Algorithm 6.7 (QR decomposition using the Gram-Schmidt process)

Inputs: An \(m \times n\) matrix \(A\).

Outputs: An \(m \times n\) orthogonal matrix \(Q\) and and \(n \times n\) upper triangular matrix \(R\) such that \(A = QR\).

\(R \gets \vec{0}_{n\times n}\)
For \(j = 1, \ldots, n\) do
- For \(i = 1, \ldots, j - 1\) do
  - \(r_{ij} \gets \vec{q}_i \cdot \vec{a}_j\)
- \(\vec{u}_j \gets \vec{a}_j - \displaystyle\sum_{i=1}^{j-1} r_{ij} \vec{q}_i\)
- \(r_{jj} \gets \|\vec{u}_j\|\)
- \(\vec{q}_j \gets \dfrac{\vec{u}_j}{r_{jj}}\)
Return \(Q = (\vec{q}_1, \vec{q}_2, \ldots , \vec{q}_n)\) and \(R\).

Example 6.8

Calculate the QR decomposition of the following matrix using the Gram-Schmidt process

\[\begin{split} \begin{align*} A = \begin{pmatrix} -1 & -1 & 1 \\ 1 & 3 & 3 \\ -1 & -1 & 5 \\ 1 & 3 & 7 \end{pmatrix}. \end{align*} \end{split}\]

Code#

The code below defines a function called qr_gramschmidt() which calculates the QR decomposition of a matrix A using the Gram-Schmidt process.

Python

def qr_gramschmidt(A):
    n = A.shape[1]
    Q, R = np.zeros(A.shape), np.zeros((n,n))
    for j in range(n):
        sum_ = 0
        for i in range(j):
            R[i,j] = np.dot(Q[:,i], A[:,j])
            sum_ += R[i,j] * Q[:,i]

        u = A[:,j] - sum_
        R[j,j] = np.linalg.norm(u)
        Q[:,j] = u / R[j,j]
    
    return Q, R

The Numpy command np.linalg.norm() calculates the magnitude of a vector.

MATLAB

function [Q, R] = qr_gramschmidt(A)

n = size(A, 2);
Q = zeros(size(A));
R = zeros(n);
for j = 1 : n
    sum_ = 0;
    for i = 1 : j - 1
        R(i,j) = dot(Q(:,i), A(:,j));
        sum_ = sum_ + R(i,j) * Q(:,i);
    end
    u = A(:,j) - sum_;
    R(j,j) = norm(u);
    Q(:,j) = u / R(j,j);
end

end

6.5.2. QR decomposition using Householder transformations#

Another method we can use to calculate the QR decomposition of a matrix is by the use of Householder transformations. Consider the diagram in Fig. 6.2 where the vector \(\vec{x}\) is reflected about the hyperplane represented by the dashed line so that it is parallel to the basis vector \(\vec{e}_1 = (1, 0, \ldots, 0)^\mathrm{T}\).
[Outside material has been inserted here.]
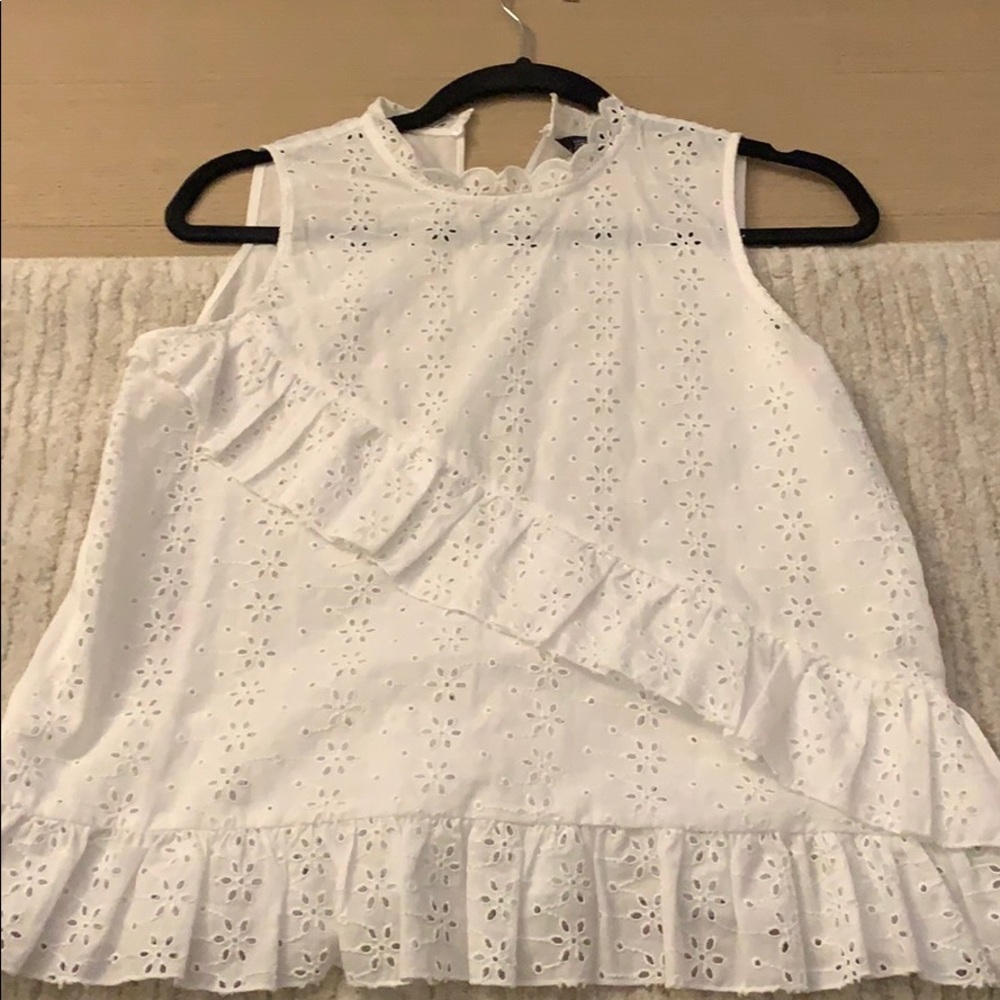 White tank from Zara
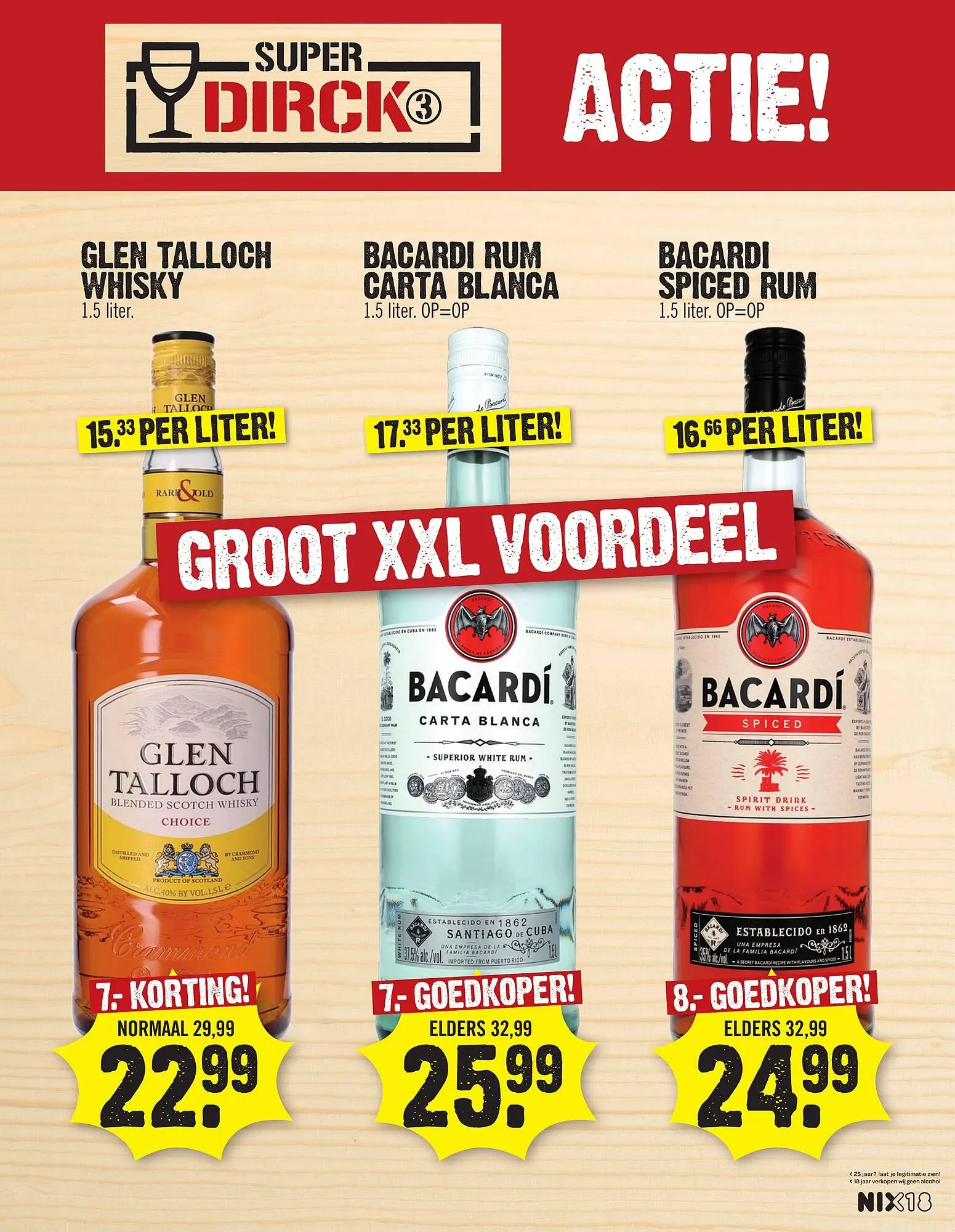 Super Dirck 3 folder van 19 november tot 25 november 2025 - Folder pagina 1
../_images/householder_1.svg — Fig. 6.2 Householder transformation: the vector \(\vec{x}\) is reflected about the dashed line so that it is parallel to the basis vector \(\vec{e}_1\).#

The Householder matrix is an orthogonal matrix that performs the Householder transformation reflection

Definition 6.4 (Householder matrix)

(6.3)#\[ H = I - 2 \vec{v} \vec{v}^\mathrm{T}, \]

where

\[\begin{split} \begin{align*} \vec{u} &= \vec{x} - \|\vec{x}\| \vec{e}_1, \\ \vec{v} &= \frac{\vec{u}}{\| \vec{u} \|}. \end{align*} \end{split}\]

If \(\vec{x}\) is nearly parallel to \(\vec{e}_1\) then the denominator in equation (6.3) is close to zero and computational rounding errors can occur. However, we can choose to reflect \(\vec{x}\) so that it is parallel to \(-\vec{e}_1\) instead.

../_images/householder_2.svg — Fig. 6.3 Householder transformation: the vector \(\vec{x}\) is reflected about the dashed line so that it is parallel to the basis vector \(-\vec{e}_1\) to avoid computational rounding errors.#

In Fig. 6.3 above, \(\vec{x}\) is to be transformed to \(-\|\vec{x}\|\vec{e}_1\) then

\[ \begin{align*} \vec{u} = \vec{x} + \|\vec{x}\| \vec{e}_1, \end{align*} \]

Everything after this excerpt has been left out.